Alle ore cinque e un quarto pomeridiane quella colonna giungeva alla vigna Matteini, e la circondava.
In quell’ora non si trovavano alla vigna che otto uomini. I duecento giovani destinati ad introdurre in città le armi e le munizioni non dovevano raccogliersi in quel luogo se non che verso le sei ore e mezzo.
Al primo presentarsi della truppa, quegli otto valorosi, che avevano la custodia del deposito, tentarono una resistenza impossibile esplodendo i loro fucili, ma ben presto furono sopraffatti dal numero, e alcuni di essi vennero uccisi, altri arrestati.

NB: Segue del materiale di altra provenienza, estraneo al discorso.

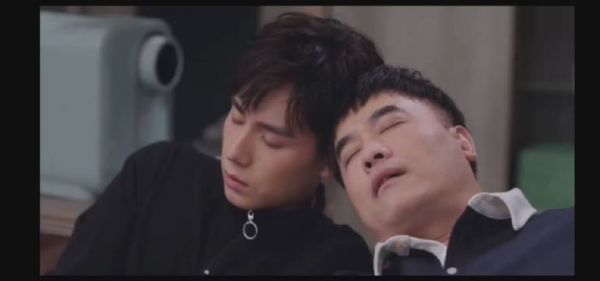 昨晚吴白和岳父喝酒，吴白直接把岳父喝成了兄弟……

Così le armi che dovevano servire alle forze della rivolta, caddero in potere dei satelliti dell’oppressione.
Frattanto i giovani, che alla spicciolata uscivano dalla Porta San Giovanni per recarsi, girando le mura, alla villa Matteini, venivano di mano in mano, senza possibile resistenza, arrestati dalle numorose pattuglie che colà erano state a tal uopo disposte.

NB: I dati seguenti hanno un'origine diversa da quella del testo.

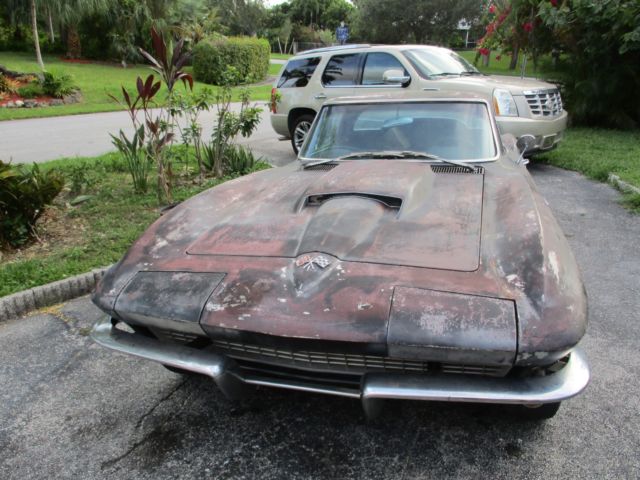 1965 Chevrolet Corvette - photo 2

Non ostante queste precauzioni della polizia e della forza militare, nei dintorni del Monte Testaccio era riuscito di adunarsi al drappello destinato ad attaccare dal di dentro della città la Porta San Paolo, per facilitare così l’ingresso ai compagni, che dovevano recare dalla vigna le armi e le munizioni.
Infatti, all’ora fissata delle sei e mezzo, ignorando che le armi erano cadute in mano dei pontific), quell’ardito drappello assaliva bravamente il corpo di guardia della Porta San Paolo.

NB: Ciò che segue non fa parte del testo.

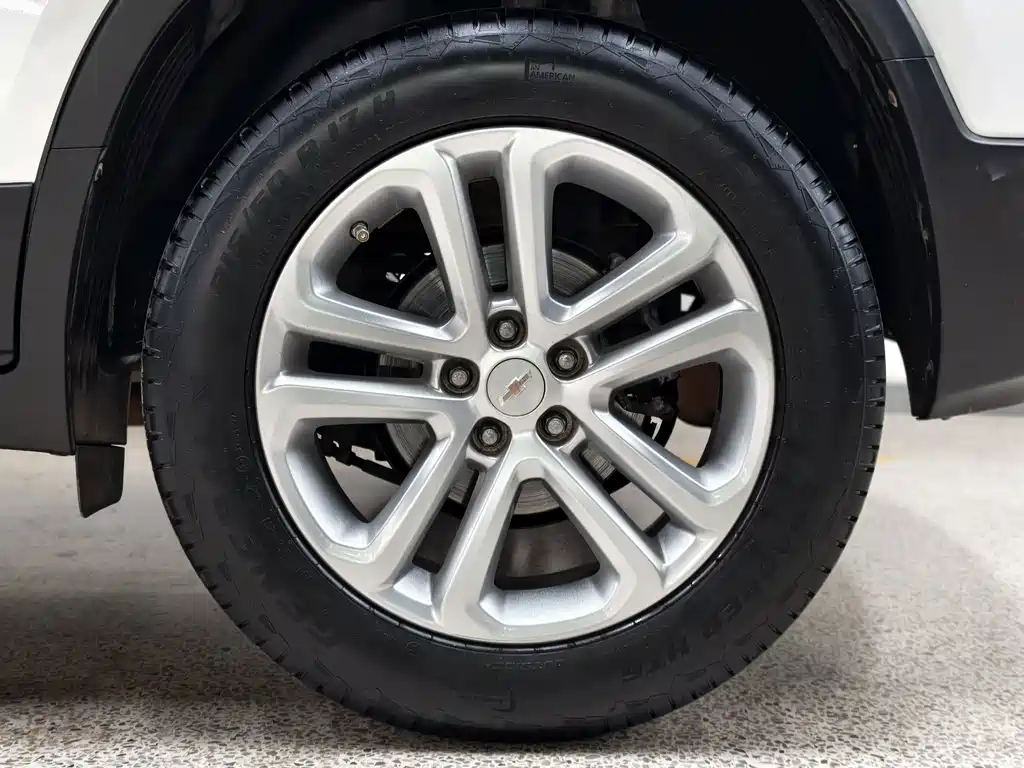 Chevrolet Trax — миниатюра 10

Gli zuavi di guardia, superiori di numero, si difesero con accanimento ma dovettero cedere all’impeto degli audaci Romani; questi s’impadronirono della porta, e non potendo aprirla, vi appiccarono il fuoco, e così schiusero il varco. Ma in quella che credevano d’incontrarsi coi loro compagni, reduci col carico delle armi dal luogo del deposito, s ’ imbatterono invece nelle truppe inimiche, che di quelle armi si erano appunto allora impossessate.
Non si scoraggiarono i patrioti di contro alla preponderanza del numero e all’avversità dell’opposta fortuna. Si fecero baluardo della porta, e tennero fermo.
La compagnia degli zuavi si avanzò alla bajonetta: fu accolta con un fuoco vivissimo, e costretta a ripiegare.
Allora mossero inannzi i gendarmi a cavallo, mulinando colle sciabole sguainate i patrioti li aspettarono di piè fermo, e combattendo disperatamente li posero in fuga.
La colonna pontificia si ritirò nella vigna Matteini, e la Porta San Paolo rimase in potere di quel pugno di forti.